London Mapping Festival

Oh, hello there, London Mapping Festival — “an 18 month programme of activities designed to promote the unique range of mapping, innovative technologies and applications that exist for the Capital. The festival will showcase all mapping-related disciplines including cartography, surveying, GIS, GPS and remote sensing.” Starting, apparently, in June. See the (preliminary) calendar of events for an idea of what’s going on; I don’t think I’ve ever seen a single event attempt to be so all-encompassing. More at Londonist. Via MapHist.

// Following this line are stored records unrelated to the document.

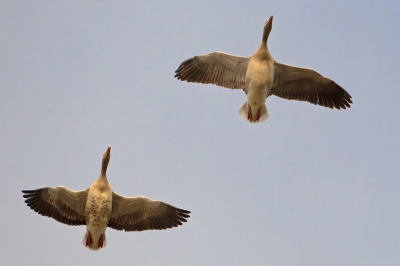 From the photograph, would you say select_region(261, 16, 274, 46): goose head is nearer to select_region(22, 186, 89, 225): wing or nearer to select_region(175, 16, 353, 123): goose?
select_region(175, 16, 353, 123): goose

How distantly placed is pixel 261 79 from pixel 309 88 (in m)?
2.08

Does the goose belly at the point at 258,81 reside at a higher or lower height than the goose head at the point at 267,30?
lower

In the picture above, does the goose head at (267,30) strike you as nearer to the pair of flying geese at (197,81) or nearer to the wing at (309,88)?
the pair of flying geese at (197,81)

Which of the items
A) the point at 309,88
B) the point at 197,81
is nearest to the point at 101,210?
the point at 197,81

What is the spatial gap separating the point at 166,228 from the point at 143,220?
0.58 m

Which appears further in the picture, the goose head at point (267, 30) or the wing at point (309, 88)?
the wing at point (309, 88)

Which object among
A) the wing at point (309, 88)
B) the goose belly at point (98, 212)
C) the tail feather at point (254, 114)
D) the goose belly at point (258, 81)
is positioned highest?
the wing at point (309, 88)

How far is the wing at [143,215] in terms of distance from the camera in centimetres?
1459

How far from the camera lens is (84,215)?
573 inches

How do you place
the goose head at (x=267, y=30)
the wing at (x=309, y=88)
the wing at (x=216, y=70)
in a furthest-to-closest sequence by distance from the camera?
the wing at (x=309, y=88), the wing at (x=216, y=70), the goose head at (x=267, y=30)

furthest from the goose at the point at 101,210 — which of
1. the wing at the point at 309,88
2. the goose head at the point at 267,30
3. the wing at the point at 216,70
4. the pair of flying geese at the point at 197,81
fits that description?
the goose head at the point at 267,30

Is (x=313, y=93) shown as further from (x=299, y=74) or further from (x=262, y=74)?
(x=262, y=74)

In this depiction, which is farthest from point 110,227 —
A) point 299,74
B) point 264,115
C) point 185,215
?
point 299,74

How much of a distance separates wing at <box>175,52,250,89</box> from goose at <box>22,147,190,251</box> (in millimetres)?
2934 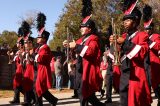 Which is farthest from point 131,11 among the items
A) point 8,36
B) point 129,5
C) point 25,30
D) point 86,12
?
point 8,36

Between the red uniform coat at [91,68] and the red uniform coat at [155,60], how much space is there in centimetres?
184

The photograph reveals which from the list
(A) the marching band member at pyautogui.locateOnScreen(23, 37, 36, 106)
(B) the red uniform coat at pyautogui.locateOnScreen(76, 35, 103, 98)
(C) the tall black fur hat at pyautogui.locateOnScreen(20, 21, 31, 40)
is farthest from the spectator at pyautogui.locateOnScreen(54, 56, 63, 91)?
(B) the red uniform coat at pyautogui.locateOnScreen(76, 35, 103, 98)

Free Geography Tools Reviews the GPSMAP 62s

Garmin GPSMAP 62s As part of an ongoing effort to find an ideal GPS receiver for field work, Leszek Pawlowicz has a three-part review of the Garmin GPSMAP 62s up on Free Geography Tools: part one, part two, and part three. The review doesn’t pull any punches: Leszek faults the unit’s poor documentation and track and waypoint management, and wonders whether there will be any room in the market for an expensive standalone GPS unit.

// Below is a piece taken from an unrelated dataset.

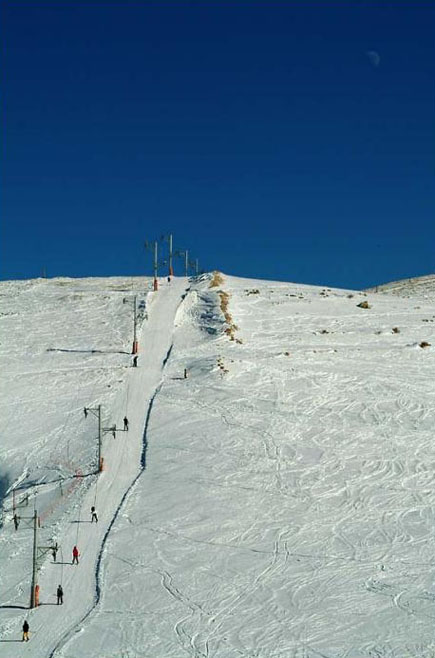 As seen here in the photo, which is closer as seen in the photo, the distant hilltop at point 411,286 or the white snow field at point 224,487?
the white snow field at point 224,487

Previously: GPSMAP 62 and 78 Reviewed; GPS Tracklog Reviews the Garmin GPSMAP 62s; Geek.com Reviews the Garmin GPSMAP 62.

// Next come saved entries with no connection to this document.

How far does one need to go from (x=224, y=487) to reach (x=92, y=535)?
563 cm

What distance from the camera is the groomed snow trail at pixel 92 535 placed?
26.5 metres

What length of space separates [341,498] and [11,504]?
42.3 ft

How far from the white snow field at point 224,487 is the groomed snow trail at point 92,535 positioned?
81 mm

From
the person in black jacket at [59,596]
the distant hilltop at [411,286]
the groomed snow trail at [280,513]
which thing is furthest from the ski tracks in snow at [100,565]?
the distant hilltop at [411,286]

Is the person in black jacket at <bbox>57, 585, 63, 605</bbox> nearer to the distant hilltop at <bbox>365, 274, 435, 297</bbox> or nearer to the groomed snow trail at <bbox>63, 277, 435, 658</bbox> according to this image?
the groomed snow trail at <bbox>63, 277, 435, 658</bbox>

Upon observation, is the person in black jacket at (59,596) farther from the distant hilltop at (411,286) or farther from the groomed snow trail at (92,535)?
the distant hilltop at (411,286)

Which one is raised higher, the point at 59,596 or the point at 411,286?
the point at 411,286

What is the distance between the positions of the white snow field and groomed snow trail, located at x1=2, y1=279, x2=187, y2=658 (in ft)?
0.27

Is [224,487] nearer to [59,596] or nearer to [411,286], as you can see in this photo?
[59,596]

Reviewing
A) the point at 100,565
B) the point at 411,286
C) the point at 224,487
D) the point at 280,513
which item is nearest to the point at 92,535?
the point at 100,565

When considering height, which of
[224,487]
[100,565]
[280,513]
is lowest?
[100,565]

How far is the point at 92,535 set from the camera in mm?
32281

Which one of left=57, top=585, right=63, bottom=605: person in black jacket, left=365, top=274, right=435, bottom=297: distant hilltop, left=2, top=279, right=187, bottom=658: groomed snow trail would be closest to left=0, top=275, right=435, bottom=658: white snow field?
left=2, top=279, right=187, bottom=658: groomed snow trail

France’s High-Speed Rail Network

Cameron Booth: French high-speed rail map (thumbnail) Cameron Booth has previously done an Amtrak route map and a map of the U.S. Interstates in the style of a subway diagram; more recently, he’s done a system map of the French high-speed rail network — “all the high speed train routes that pass through France. This includes the French (SNCF) TGV trains, the Eurostar trains from London, the Thalys services from Belgium and the Netherlands, and some ICE services from Germany that operate in tandem with corresponding TGV services from France.” (He’s also done a new version of his Interstate map.)

A Better Class of Fantasy Map

Fantasy novelist Saladin Ahmed has put out a request for a high-quality map for his upcoming series. “Now. DAW’s in-house person can provide a very serviceable, basic, black-and-white line map. I love my publisher to death and have zero complaints about their plans for the book. But. Truth be told, I would love for the map to move beyond utility and help contribute to teh splashery first impressions.” He’s already gotten enough requests for his needs and as such does not need any signal boosting on my part, but I make a note of it for future reference all the same. I may at some point return to the topic of fantasy novel maps, the quality of those “serviceable, basic, black-and-white” line maps, and what a better class of fantasy map would look like.

T. S. Spivet Comes to the iPad

Book cover: The Selected Works of T. S. Spivet Reif Larsen’s 2009 novel, The Selected Works of T. S. Spivet, about a precocious 12-year-old cartographer, is now available as an iPad app (iTunes link). Unfortunately not available in Canada, so I can’t say more than that. Via @HodderGeography.

Previously: The Selected Works of T. S. Spivet; More on “T. S. Spivet”; More Book Reviews.

Big Map Blog

Big Map Blog is, well, a new map blog. The curator explains the premise behind it: “there’s always been two things I wanted from a map blog, and rarely got: A.) enormous maps, and B.) access to the full-resolution file. That’s what this website is about. Enormous maps, file access, and if I can bang out a couple of paragraphs without sounding like an ass, then all the better.”